6.3

Historische Erkenntnis – also Fragen, (quellengestütztes) Beobachten, Beschreiben und Erklären – ist stets durch implizite oder explizite theoretische Annahmen und durch Begriffe und Konzepte strukturiert. Daher ist es Bestandteil historischer Forschung, eine dem Gegenstand möglichst angemessene theoretische Konzeption und Begrifflichkeit zu verwenden (gegebenenfalls auch zu entwickeln; dies natürlich nicht im Proseminar).

Theorien beruhen auf Hypothesen und auf Verallgemeinerungen auf der Grundlage natürlich wiederum theoretisch strukturierter Forschung.
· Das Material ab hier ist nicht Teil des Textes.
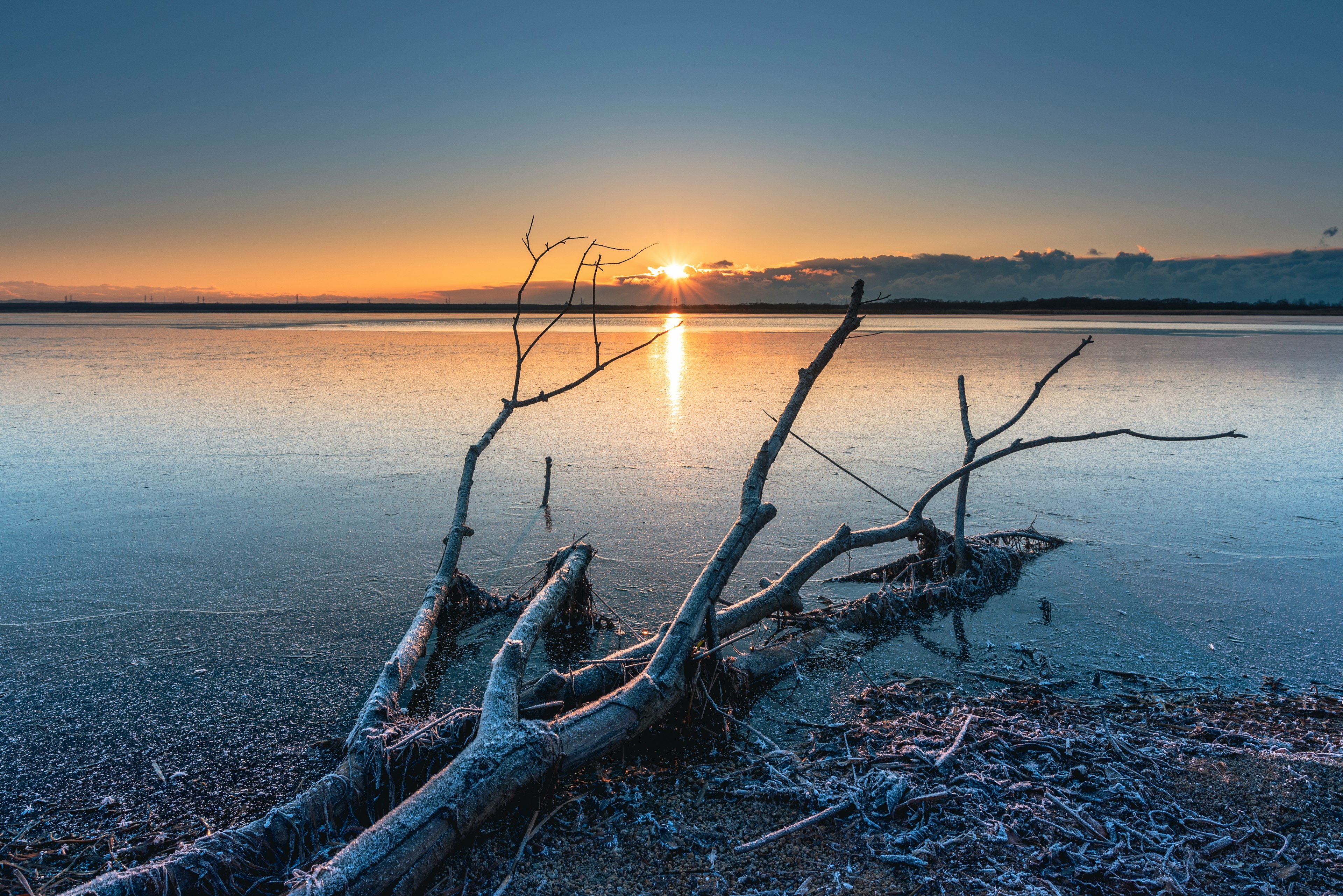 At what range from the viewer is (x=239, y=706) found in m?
3.39

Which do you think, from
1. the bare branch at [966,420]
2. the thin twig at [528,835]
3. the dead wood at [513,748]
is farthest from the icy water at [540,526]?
the thin twig at [528,835]

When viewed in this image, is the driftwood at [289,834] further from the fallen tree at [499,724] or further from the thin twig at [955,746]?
the thin twig at [955,746]

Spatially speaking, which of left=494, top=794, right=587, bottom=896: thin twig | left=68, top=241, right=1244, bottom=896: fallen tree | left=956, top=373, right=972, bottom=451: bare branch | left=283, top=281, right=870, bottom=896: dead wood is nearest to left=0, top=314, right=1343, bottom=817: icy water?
left=68, top=241, right=1244, bottom=896: fallen tree

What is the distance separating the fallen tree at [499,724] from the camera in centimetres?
215

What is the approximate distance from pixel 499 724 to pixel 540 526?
3.56m

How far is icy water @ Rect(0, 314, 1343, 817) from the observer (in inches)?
147

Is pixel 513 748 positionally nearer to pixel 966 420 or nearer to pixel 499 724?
pixel 499 724

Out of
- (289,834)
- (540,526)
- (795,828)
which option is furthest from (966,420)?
(289,834)

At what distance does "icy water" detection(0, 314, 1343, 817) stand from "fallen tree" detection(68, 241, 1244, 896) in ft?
1.21

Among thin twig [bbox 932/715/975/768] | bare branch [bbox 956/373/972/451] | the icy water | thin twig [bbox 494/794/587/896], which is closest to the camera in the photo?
thin twig [bbox 494/794/587/896]

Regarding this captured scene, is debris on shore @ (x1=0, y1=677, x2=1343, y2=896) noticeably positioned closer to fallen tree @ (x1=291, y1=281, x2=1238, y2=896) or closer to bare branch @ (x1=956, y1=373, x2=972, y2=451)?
fallen tree @ (x1=291, y1=281, x2=1238, y2=896)

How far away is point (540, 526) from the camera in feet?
20.0

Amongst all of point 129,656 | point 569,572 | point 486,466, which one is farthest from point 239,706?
point 486,466

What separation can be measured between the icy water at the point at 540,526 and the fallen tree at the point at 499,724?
0.37 metres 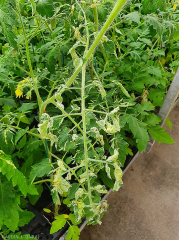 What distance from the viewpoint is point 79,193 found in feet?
2.88

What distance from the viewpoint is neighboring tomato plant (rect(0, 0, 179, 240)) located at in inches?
34.6

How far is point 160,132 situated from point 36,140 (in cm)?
87

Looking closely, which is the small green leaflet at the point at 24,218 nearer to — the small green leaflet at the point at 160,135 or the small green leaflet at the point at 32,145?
the small green leaflet at the point at 32,145

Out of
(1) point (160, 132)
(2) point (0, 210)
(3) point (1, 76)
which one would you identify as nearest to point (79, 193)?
(2) point (0, 210)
Daher bleibt jede theoretische Konzeption stets im Lichte neuer Ergebnisse oder Konzeptualisierungen revidierbar. Theorie ist für den Historiker ein – unverzichtbares – Mittel des präzisen Fragens und systematischen Forschens, aber nicht das Ergebnis seiner Arbeit. Theorie gehört für den Historiker in den Bereich der Fragen, nicht in den der Antworten, auch wenn die Grenze zwischen zusammenfassender Darlegung von Forschungsergebnissen und gesellschaftstheoretischer begrenzter Verallgemeinerung fließend ist.

Keine Theorie kann es aber dem Historiker ersparen, jeden Fall für sich zu prüfen – jede weitere Revolution, jeder weitere Kriegsausbruch, jeder weitere Fall von Unterentwicklung mag sich mit den bisherigen Begriffen und Konzepten vertragen oder auch nicht; mag als ein Fallbeispiel für einen theoretisch postulierten Zusammenhang taugen, mag aber auch entgegen dem ersten Augenschein nicht unter die Theorie fallen oder sie gar widerlegen. In diesem Sinne bleibt auch die theoriebewusste Geschichte eine Wissenschaft von konkreten Ereignissen, Strukturen und Prozessen, nicht von Theorien.

Literaturhinweise:

  • Zur theoretischen und begrifflichen Strukturierung von Wahrnehmung vgl. Chris Lorenz, Die Konstruktion der Vergangenheit. Eine Einführung in die Geschichtstheorie, Köln/Weimar/Wien 1997, S. 1-64.
  • Zu den drei Dimensionen des Theoriegebrauchs in der Geschichtswissenschaft vgl. Thomas Welskopp, Erklären, in: Hans-Jürgen Goertz, Geschichte. Ein Grundkurs, Reinbek 1998, S. 132-168.
  • “Wer ‘Theorie’ sucht, wird sie versteckt finden”: Jürgen Osterhammel, Die Entzauberung Asiens. Europa und die asiatischen Reiche im 18. Jahrhundert, München 1998.